You know all of this.
But I was excited to see that the Flaming Lips are fully embracing this new freedom by planning to record and release one song a month, rather than recording and releasing an entire album at once.
"We'll start in late January, though I'm not sure if we'll get together exactly by then," Coyne says, adding that the band will convene in Oklahoma with longtime producer Dave Fridmann. "With this new thing, we're going to spend a lot of time recording at our houses or wherever we are at. We'll try to release a song a month and document the song in the making, whether it takes us three or five days or a week. It's gonna be, 'We're working on a song and it's gonna be up by Friday.' We just want to [release material] some other way."
"Not that I think the old way was boring, but to spend another two years with the same 13 songs, it's just like fuck," Coyne says. "I think we're going to just start to do things and put it out. Once we get 11 or 12 songs together, maybe we'll do something else with it.

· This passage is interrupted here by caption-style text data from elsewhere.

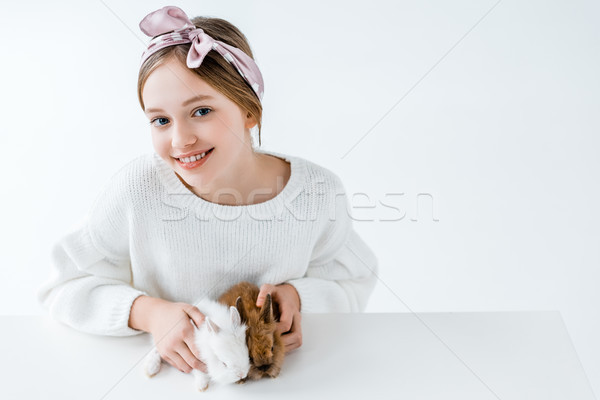 beautiful girl holding adorable furry rabbits and smiling at camera on white Stock photo © LightFieldStudios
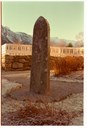 The Oscar II stone at Hotel Mundal in 2000. The stone was raised before the hotel was built and stood along the village road. When the road was moved a few metres closer to the fjord, the stone was left standing in the hotel garden.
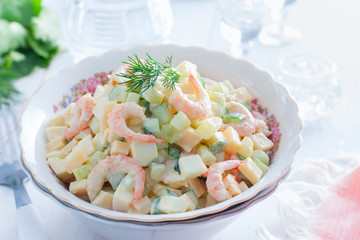Salad with shrimps, cucumber, eggs and cheese, horizontal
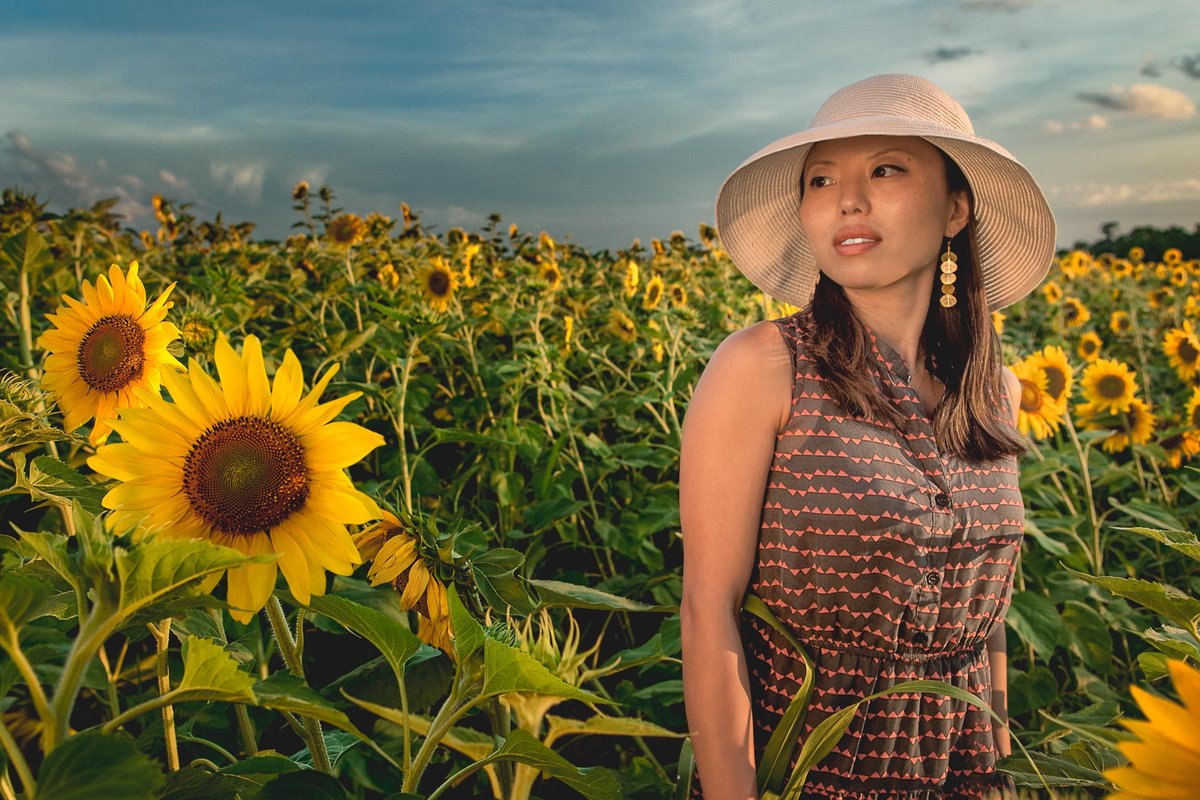 Sunny Ra in a sunflower field on the backroads of Kentucky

We want to try to live through our music as we create it instead of it being a collection of the last couple years of our lives."
They're also totally rethinking the conventions of how music is released and what constitutes the product:
"The dilemma is whether we're going to release it on vinyl, cereal boxes or some of it on toys that we make," Coyne says, explaining that the band is planning on offering additional items to fans at the same time as downloads. "Sometimes, the music is the simplest part of any of these things. We'll be making these little videos that connect in the end to a bigger movie we'll be making next year as well. It sounds like a bunch of fuckin' work, but it's different way of thinking about songs than just holing up."
I'm excited to see how this goes, as I think it could eventually make music back into a personal, natural, flowing thing, instead of the overly polished and packaged consumer good that it's become. I love the notion of living through their music as they create it. Experiment, see what works, grow as artists, push the definition of what modern music is and will eventually become. Make the music experience better for people who love music and open the doors creatively for those who make music…that sort of thing.